Every Wednesday in Young Post’s holiday pagination, the team will attempt to recreate a famous piece of art from different genres to the best of their ability. For today’s YP Nails It, our Junior Reporters Manager Rhea Mogul attempted to recreate Italian artist Leonardo da Vinci’s world-famous painting, the Mona Lisa.
Leonardo da Vinci was an artistic genius who rose to prominence during the Italian Renaissance. His work ranges from drawing and painting to sculpting and even inventing. But perhaps the most well-known and celebrated piece of work by da Vinci is the Mona Lisa.
The subject in this painting became famous for her enigmatic expression, and there has been a lot of debate over who the subject is; with rumours ranging from the Virgin Mary, to an Italian noblewoman, and even da Vinci himself.
It is also one of the most valuable paintings in the world. So, of course, it made perfect sense for me – not a painter, a sculptor or inventor – to attempt to recreate this multimillion dollar masterpiece.
I started by sketching an outline of the woman on my canvas with a pencil, before starting to paint. But as soon as I outlined her head, I knew I’d already messed up. It looked more like an egg than a head, and the proportions were completely off. That was strike one. But I didn’t start to panic just yet because I thought it would somehow fix itself down the line.
Once I finished my rough sketch, I was ready to put paint to canvas.
But instead of using oil paint, like da Vinci used for his portrait, I was given watercolours. This already made my task more difficult, as the paint wouldn’t stick to the canvas. But being the quick thinker that I am (I’m really, really not) I decided to use triple the amount of paint in each section to make the colour stick.
I soon realised that I wouldn’t be able to achieve the level of detail and intricacy in da Vinci’s work. The most difficult part was recreating the shadows, and the subject’s hands. They looked so realistic, trying to paint them myself made me appreciate da Vinci’s talent so much more.
Another part I struggled with was trying to recreate the creases and folds in the subject’s clothing. Instead of using the tip of my paintbrush to achieve the effect, I brushed a thick layer of paint on my canvas, and used the end of my brush handle to make grooves in the paint, adding details to the collar and sleeves of the dress.
I thought it actually looked all right! Our videographer Alejo agreed and said it gave my painting more depth and character.
I decided to use this trick for almost everything in the painting, including the subject’s hair, eyes, and mouth, and the trees in the background.

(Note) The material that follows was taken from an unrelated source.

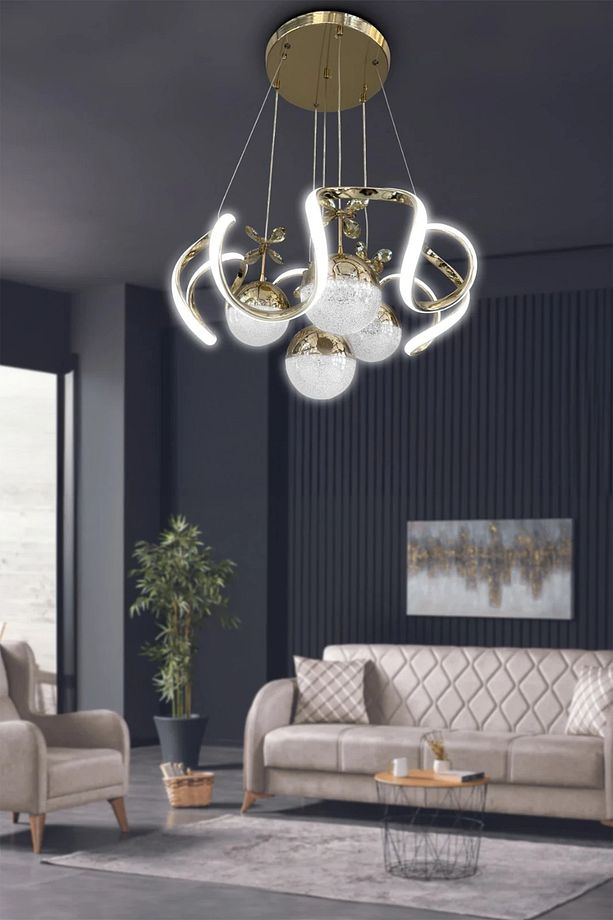 Modern Sarkıt Arya XL 4 Toplu Led Avize - 3 Renk Kumandasız Gold - 1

Towards the end, my painting looked more like a modern Picasso than a da Vinci, but there really wasn’t much else I could do with the paint and the canvas in front of me.

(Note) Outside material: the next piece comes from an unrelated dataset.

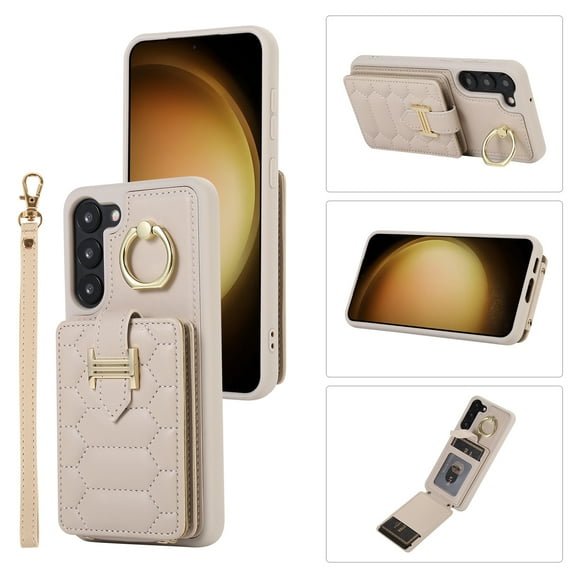 Decase Wallet Cover For Samsung Galaxy S20+,Premium Leather Shockproof Phone Shell With Back Flip Card Slots & Ring Kickstand & Hand Strap & Crossbody Strap - beige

Although my final product nowhere near as beautiful as da Vinci’s Mona Lisa, almost everyone I showed it to knew what the painting was supposed to be – which I happily took as a compliment!

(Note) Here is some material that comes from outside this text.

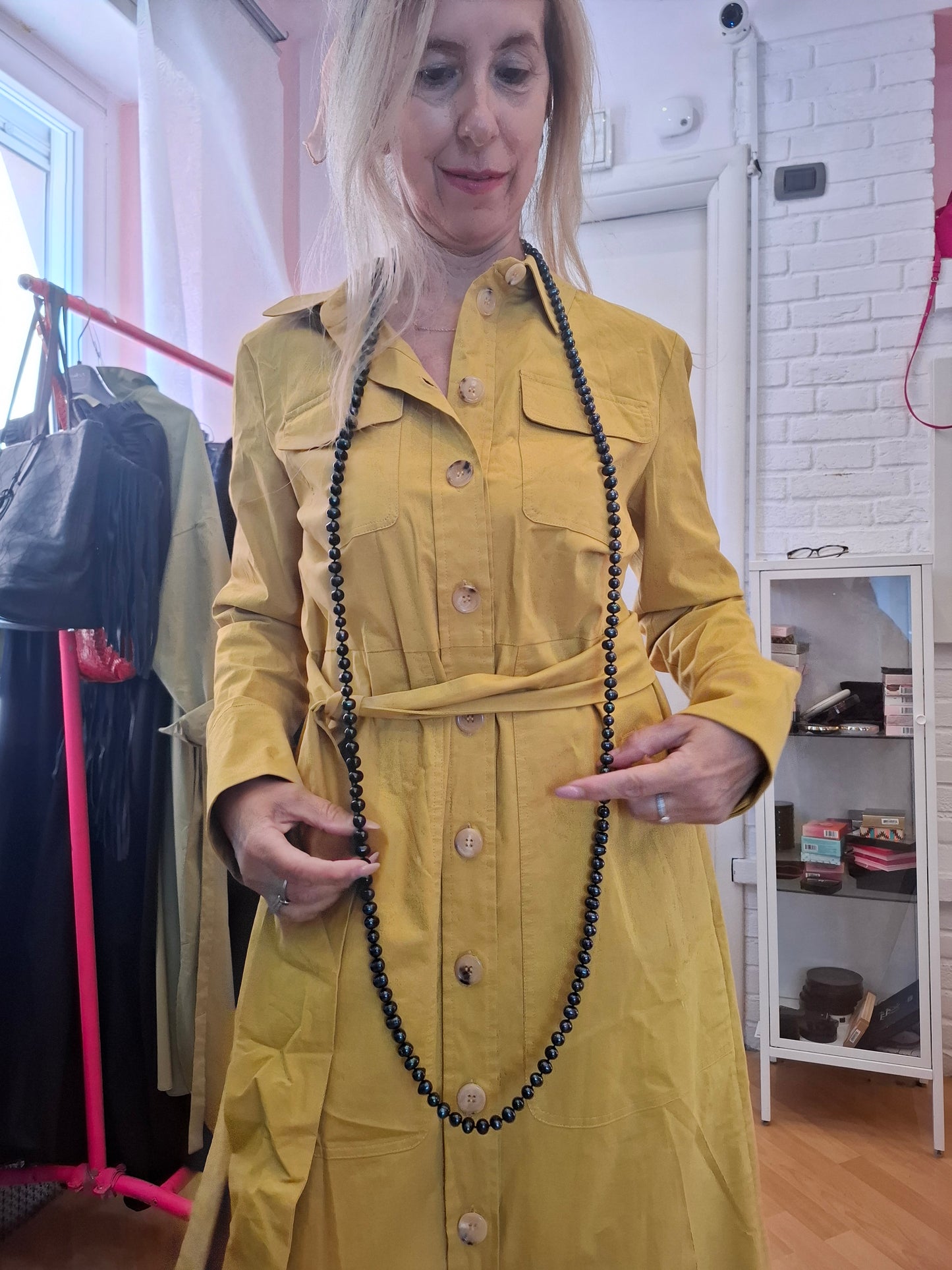 Collana lunga perle nera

If there’s one thing I’ve learned throughout this process, it’s that da Vinci was one of the best artists ever known – and I am not. It amazes me how, some 500 years ago, with limited tools and technology, da Vinci was able to produce such immaculate and stunning works of art. I would love to travel back in time to watch him create this masterpiece, along with so many others. Perhaps I’d be able to crack the mystery behind the painting, too!